Some former Enron directors have agreed to a $168 million settlement of shareholder lawsuits, $13 million from their own pockets – the rest from insurance.

Some of Enron Corp’s former directors have agreed to a $168 million settlement of a shareholder lawsuit over the collapse of the energy trading company, the lead plaintiff in the case says.

The directors will pay more than $13 million of their own money, while insurance proceeds will cover the remaining $155 million, according to the University of California, the lead plaintiff said on Friday.

The settlement comes on the heels of an agreement announced Friday by investors in WorldCom, another company felled by an accounting scandal, in which 10 former directors agreed to pay $18 million as part of a $54 million settlement.

A lawyer for many of the former Enron directors did not return a call seeking comment.

Houston-based Enron was the nation’s seventh-largest public company by revenue before it spiralled into what was then the largest bankruptcy in American corporate history in December 2001.

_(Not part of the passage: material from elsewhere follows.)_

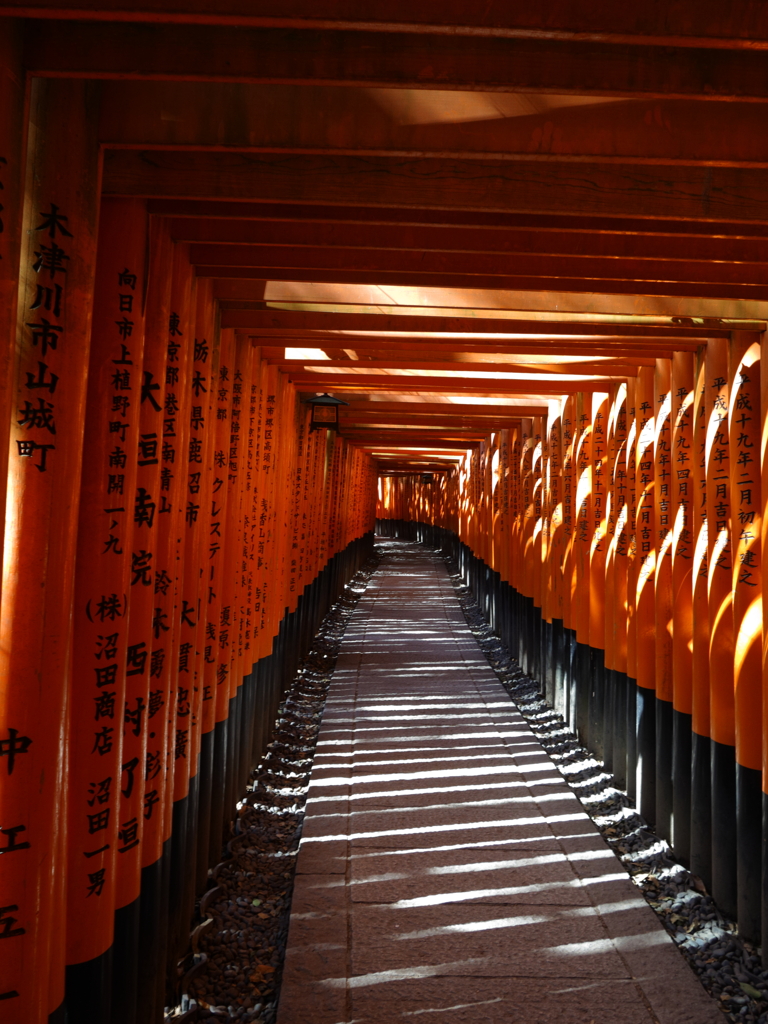 千本鳥居の中の静けさ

In a press release posted on its Web site, the University of California said it would seek preliminary court approval of the Enron directors’ settlement next week. It said the deal, which was reached in October, exhausts all of Enron’s directors and officers liability insurance.

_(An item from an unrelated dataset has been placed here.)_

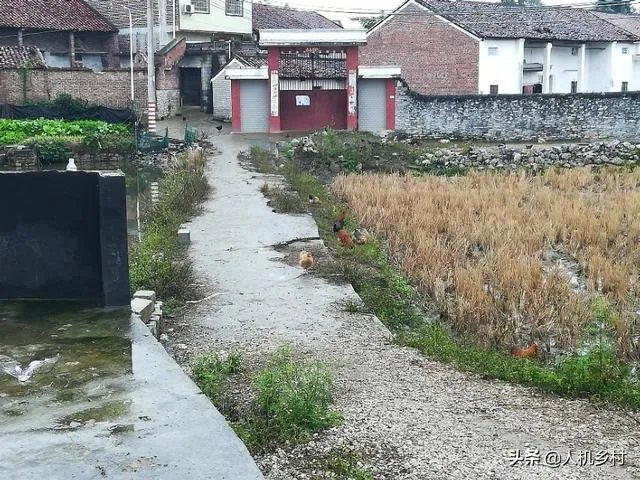 各地出现囤粮潮，粮荒是不是真的来了，大家怎么看？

No settlement has been reached with several former top Enron executives, including former chairman and chief executive Kenneth Lay, former chief executive Jeffrey Skilling, and former chief financial officer Andrew Fastow, the university said.

The directors’ settlement was struck in October, but the parties spent the last three months negotiating a complex agreement to provide a framework for court approval, it added.

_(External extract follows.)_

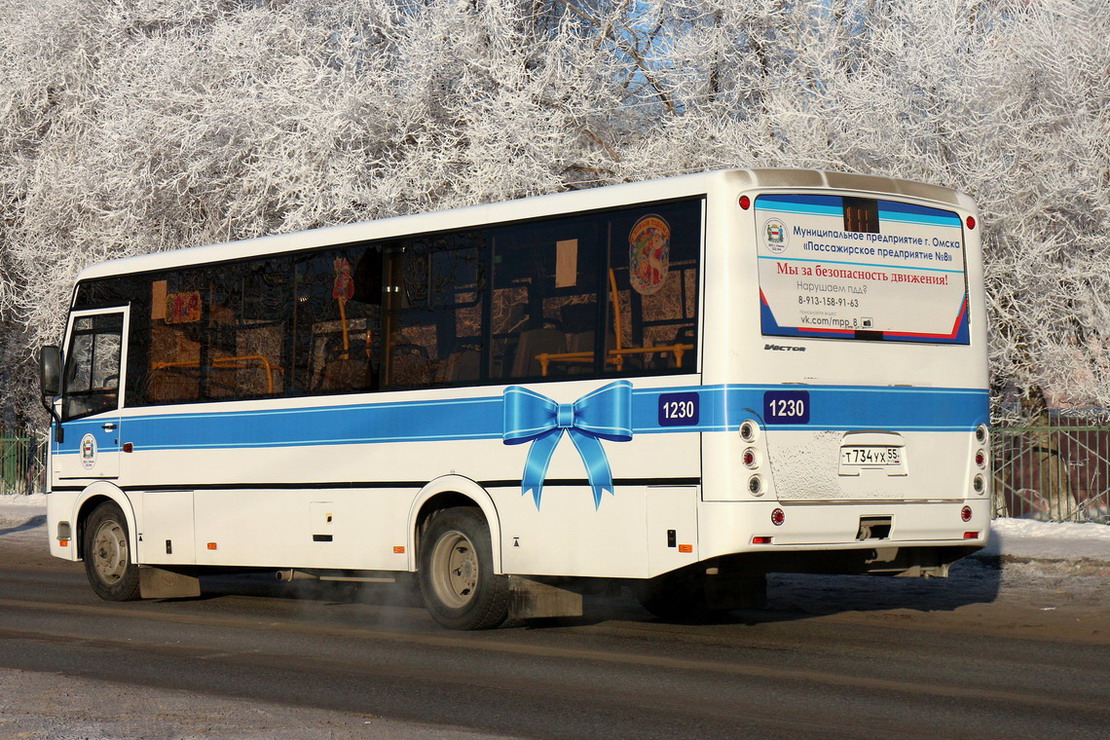 Omsk region, PAZ-320414-04 "Vektor" (1-2) № 1230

Other settlements in the case included $222.5 million by Lehman Brothers Holdings, $69 million by Bank of America and a $40 million settlement that covered Andersen Worldwide, the non-U.S. arm of Arthur Andersen, the university said. Arthur Andersen’s U.S. arm, which was Enron’s auditor, is still a defendant.

Enron filed for Chapter 11 bankruptcy protection in December 2001. Its collapse resulted in thousands of lost jobs and billions of dollars of shareholder losses.

The University of California said a trial in the shareholder class-action case was slated to begin on October 16, 2006. The university joined the lawsuit in December 2001, alleging “massive insider trading” and fraud and claiming losses of $145 million on its investments in Enron.